Isolate every line in the records below with "house" in it.

> _Material to process_:
= Beginning of Section =

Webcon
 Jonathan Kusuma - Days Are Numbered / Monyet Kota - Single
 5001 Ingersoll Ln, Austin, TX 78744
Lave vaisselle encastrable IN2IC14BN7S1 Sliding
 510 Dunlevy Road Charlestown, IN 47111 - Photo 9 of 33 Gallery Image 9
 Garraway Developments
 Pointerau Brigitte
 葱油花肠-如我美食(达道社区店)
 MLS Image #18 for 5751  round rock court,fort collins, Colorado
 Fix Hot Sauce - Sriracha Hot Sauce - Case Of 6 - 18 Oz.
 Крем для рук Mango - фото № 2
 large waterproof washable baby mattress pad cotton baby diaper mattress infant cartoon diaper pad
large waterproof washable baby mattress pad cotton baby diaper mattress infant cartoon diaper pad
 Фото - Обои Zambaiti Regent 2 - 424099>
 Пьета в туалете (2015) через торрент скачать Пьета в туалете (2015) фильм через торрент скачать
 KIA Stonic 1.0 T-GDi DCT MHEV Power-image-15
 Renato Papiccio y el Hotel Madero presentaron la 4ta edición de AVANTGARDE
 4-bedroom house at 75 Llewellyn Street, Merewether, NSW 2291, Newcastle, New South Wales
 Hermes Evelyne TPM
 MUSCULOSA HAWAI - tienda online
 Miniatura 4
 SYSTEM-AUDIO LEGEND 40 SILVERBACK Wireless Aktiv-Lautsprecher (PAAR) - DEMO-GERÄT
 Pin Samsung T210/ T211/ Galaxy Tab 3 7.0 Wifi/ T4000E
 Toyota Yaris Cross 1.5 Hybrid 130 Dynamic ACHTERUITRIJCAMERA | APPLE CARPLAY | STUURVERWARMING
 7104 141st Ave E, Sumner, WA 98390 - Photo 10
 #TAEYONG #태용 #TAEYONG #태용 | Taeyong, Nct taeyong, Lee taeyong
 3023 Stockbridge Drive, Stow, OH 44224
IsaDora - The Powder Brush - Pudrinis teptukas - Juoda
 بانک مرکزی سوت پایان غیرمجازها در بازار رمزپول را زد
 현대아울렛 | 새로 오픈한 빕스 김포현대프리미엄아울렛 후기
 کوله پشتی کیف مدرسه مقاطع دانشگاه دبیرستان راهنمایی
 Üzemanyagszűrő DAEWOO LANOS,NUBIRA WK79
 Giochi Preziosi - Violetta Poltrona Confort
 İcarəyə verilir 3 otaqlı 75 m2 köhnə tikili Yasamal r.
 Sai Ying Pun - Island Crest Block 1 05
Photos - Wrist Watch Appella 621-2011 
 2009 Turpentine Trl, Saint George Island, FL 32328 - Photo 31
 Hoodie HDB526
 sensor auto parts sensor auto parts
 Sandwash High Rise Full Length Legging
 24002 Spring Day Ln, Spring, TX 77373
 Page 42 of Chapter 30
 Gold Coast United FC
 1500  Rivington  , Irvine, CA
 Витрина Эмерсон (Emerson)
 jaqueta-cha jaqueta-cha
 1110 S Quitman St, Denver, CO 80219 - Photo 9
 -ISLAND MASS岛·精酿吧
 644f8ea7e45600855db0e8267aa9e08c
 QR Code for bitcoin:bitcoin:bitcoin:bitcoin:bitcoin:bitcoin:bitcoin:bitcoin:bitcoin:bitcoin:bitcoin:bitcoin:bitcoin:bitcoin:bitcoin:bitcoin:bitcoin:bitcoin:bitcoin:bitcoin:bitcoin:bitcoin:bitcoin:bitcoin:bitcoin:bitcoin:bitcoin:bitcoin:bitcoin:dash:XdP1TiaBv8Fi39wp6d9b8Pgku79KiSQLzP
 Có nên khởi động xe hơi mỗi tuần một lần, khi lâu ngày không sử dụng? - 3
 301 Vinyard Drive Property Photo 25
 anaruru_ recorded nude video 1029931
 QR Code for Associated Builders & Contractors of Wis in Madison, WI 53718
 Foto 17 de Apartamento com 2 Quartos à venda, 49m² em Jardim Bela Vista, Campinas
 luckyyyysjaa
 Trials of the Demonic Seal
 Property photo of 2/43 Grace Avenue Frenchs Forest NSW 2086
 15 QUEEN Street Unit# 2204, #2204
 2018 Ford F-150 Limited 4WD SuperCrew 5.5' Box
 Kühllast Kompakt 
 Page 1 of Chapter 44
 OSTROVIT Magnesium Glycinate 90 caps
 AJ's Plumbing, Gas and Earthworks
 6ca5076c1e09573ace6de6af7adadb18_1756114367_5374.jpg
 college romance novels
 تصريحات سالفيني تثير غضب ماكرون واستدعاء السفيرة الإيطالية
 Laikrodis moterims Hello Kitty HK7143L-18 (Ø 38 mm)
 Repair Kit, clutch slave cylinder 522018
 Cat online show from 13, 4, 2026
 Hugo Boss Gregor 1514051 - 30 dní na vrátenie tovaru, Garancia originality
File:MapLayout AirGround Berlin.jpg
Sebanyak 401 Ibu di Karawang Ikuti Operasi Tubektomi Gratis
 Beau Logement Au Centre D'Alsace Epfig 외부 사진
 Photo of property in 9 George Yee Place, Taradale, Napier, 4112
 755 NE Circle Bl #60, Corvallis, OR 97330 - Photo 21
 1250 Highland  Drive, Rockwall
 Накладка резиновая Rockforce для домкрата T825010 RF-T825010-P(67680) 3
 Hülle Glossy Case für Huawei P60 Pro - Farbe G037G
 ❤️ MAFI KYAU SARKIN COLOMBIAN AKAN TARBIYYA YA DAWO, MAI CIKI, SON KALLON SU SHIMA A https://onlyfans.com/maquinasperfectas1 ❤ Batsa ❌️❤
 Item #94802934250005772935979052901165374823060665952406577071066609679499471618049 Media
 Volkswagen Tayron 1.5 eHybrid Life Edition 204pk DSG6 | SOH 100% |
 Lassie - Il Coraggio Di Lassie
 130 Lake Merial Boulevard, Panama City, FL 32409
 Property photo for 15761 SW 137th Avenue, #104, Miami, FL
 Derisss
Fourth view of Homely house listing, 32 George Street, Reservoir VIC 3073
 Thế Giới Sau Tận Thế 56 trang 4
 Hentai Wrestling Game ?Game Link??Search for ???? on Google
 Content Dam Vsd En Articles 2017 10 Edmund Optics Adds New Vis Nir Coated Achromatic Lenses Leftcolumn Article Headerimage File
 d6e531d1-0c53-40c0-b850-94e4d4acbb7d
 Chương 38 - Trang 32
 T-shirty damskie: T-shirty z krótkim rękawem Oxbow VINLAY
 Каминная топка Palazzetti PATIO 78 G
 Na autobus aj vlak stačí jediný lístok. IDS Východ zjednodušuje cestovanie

= End of Section =

> _Reply_:
 4-bedroom house at 75 Llewellyn Street, Merewether, NSW 2291, Newcastle, New South Wales
Fourth view of Homely house listing, 32 George Street, Reservoir VIC 3073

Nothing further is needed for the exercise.